We speak about their future, legislate around their needs, and implement policies that will directly shape the trajectory of their lives—but rarely do we fully invite them into the room. And even when we do, it’s often symbolic. A token seat, a moment at the mic, a photo op for the press. That isn’t inclusion. Its performance.

Let’s be clear: the youth voice shouldn’t be optional. It should be mandatory.

Young people aren’t just observing the consequences of today’s decisions—they’re living them. They ride overcrowded and sometimes unsafe school buses. They sit in classrooms impacted by teacher shortages and crumbling infrastructure. They grow up in communities where access to healthy food, affordable housing, and stable internet remains inconsistent. Many witness their families struggling with the rising cost of living, gun violence, and health care disparities. They feel the effects of climate change not in theory, but in their everyday lives—through record heatwaves, flooding, and school closures.

And yet, when it comes to shaping the policies that address these challenges, youth are too often told to “wait their turn,” as if civic responsibility and political voice have an age restriction.

The truth is, young people already have the passion, the clarity, and the power to lead. What they lack is access.

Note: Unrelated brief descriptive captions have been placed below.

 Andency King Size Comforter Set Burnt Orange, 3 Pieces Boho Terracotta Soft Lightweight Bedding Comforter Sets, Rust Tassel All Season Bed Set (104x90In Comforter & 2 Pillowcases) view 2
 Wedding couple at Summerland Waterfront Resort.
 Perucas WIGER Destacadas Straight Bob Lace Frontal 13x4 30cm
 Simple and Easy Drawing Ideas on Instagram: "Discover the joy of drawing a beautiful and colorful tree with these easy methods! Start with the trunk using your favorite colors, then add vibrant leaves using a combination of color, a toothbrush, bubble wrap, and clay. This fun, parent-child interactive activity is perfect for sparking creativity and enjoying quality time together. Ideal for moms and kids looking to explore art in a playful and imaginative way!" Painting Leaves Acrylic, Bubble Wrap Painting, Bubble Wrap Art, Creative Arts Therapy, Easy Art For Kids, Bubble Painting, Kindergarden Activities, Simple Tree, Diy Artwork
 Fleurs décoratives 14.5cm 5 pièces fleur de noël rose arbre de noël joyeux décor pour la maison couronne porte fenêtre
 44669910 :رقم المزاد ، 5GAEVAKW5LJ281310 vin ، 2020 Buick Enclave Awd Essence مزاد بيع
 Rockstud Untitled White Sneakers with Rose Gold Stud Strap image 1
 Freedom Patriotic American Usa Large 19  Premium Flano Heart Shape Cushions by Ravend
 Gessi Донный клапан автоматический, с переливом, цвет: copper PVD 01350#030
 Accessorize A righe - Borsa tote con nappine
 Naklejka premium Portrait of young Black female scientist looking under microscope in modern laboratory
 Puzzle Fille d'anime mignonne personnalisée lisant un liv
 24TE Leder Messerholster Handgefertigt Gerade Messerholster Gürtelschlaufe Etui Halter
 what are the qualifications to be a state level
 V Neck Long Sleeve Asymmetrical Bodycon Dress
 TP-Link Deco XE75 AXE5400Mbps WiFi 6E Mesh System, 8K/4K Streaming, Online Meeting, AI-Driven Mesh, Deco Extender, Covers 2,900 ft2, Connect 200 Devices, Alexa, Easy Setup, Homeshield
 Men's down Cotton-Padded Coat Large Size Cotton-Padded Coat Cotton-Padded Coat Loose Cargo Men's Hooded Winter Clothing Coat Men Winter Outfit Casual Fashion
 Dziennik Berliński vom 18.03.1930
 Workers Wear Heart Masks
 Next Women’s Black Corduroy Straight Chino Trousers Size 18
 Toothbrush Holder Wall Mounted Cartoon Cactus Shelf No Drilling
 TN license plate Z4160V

We must stop treating youth engagement as a feel-good checkbox or a public relations gesture. When students organize national walkouts demanding safer schools, when teen activists speak at climate summits or testify before Congress, and when young entrepreneurs launch nonprofits and tech solutions to tackle inequality, they are modeling exactly the kind of leadership we say we want—not someday, but now.

Real Youth Leadership Across the Nation

Across the country, young people are stepping up—and making a measurable impact:

  • In Chicago, youth involved in the Mikva Challenge have helped shape city budget priorities and criminal justice reform through youth policy councils embedded in government.
  • In Oakland, student organizers successfully lobbied for the elimination of school police, leading to a reinvestment in student support services and restorative justice programs.
  • In Florida, the March For Our Lives movement—founded by high school students in the aftermath of the Parkland shooting—has transformed national conversations on gun safety and led to new state and federal legislation.
  • In Alaska, young Indigenous leaders are pushing for climate justice and land protection, blending traditional knowledge with modern advocacy.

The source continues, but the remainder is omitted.